■ **The task**
Using only the entries below, output the lines starting at the one containing "Welcome to ProStitcher" and ending at the one containing "Our uterus is", exactly and inclusive of both, omitting the pictures.

■ **Provided records**
== Segment start ==

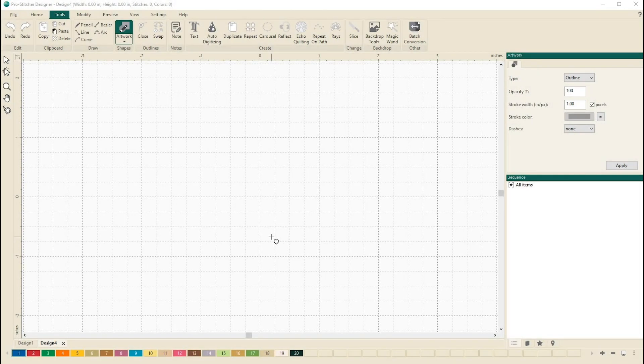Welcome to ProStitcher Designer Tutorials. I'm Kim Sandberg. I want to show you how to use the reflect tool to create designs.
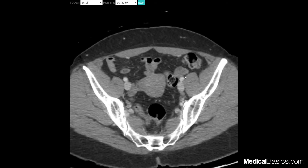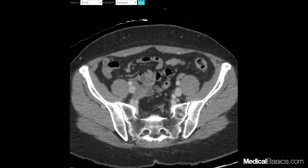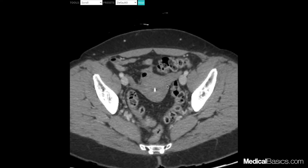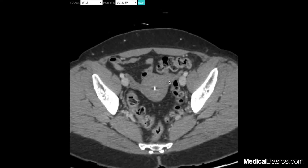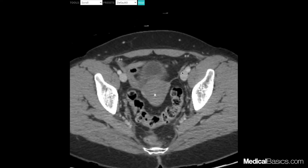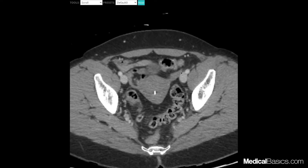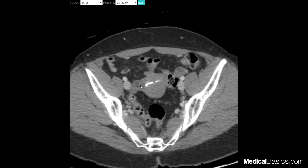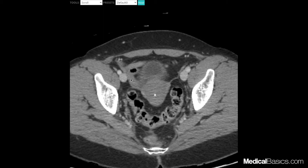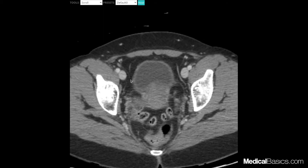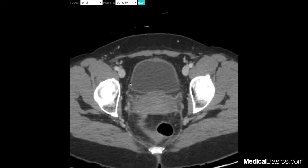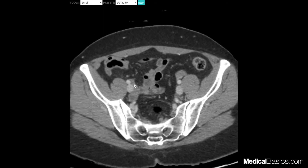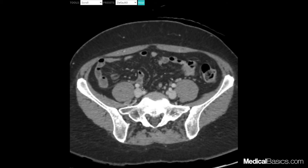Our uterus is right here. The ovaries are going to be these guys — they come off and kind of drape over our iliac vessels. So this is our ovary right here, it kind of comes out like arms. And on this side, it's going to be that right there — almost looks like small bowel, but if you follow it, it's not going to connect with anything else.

== Segment end ==
== Segment start ==

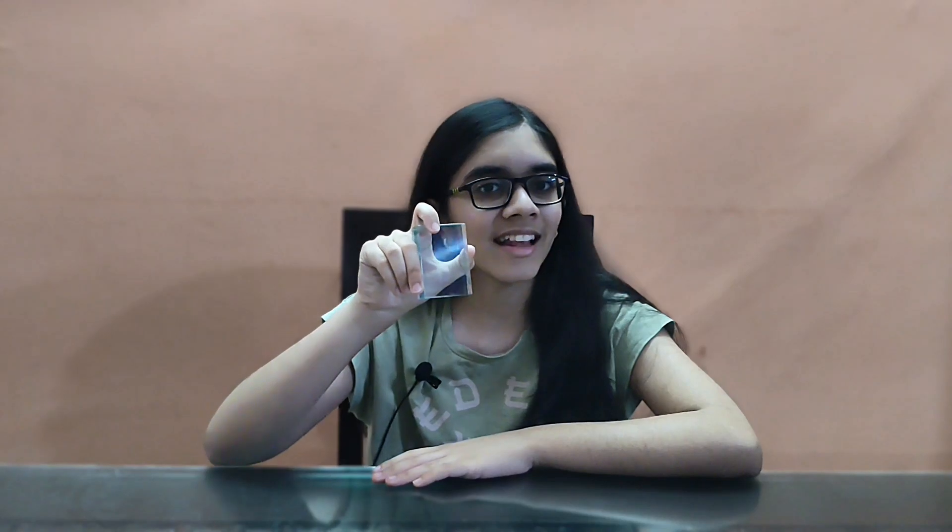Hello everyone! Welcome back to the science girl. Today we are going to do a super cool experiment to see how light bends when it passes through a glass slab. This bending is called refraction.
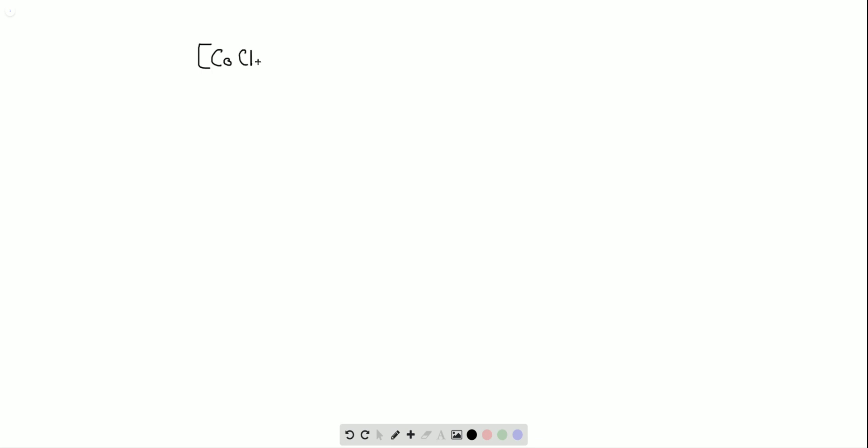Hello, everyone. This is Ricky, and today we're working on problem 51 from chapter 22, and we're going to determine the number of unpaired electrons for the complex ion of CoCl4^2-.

== Segment end ==

■ **Response area**
Welcome to ProStitcher Designer Tutorials. I'm Kim Sandberg. I want to show you how to use the reflect tool to create designs.
Our uterus is right here. The ovaries are going to be these guys — they come off and kind of drape over our iliac vessels. So this is our ovary right here, it kind of comes out like arms. And on this side, it's going to be that right there — almost looks like small bowel, but if you follow it, it's not going to connect with anything else.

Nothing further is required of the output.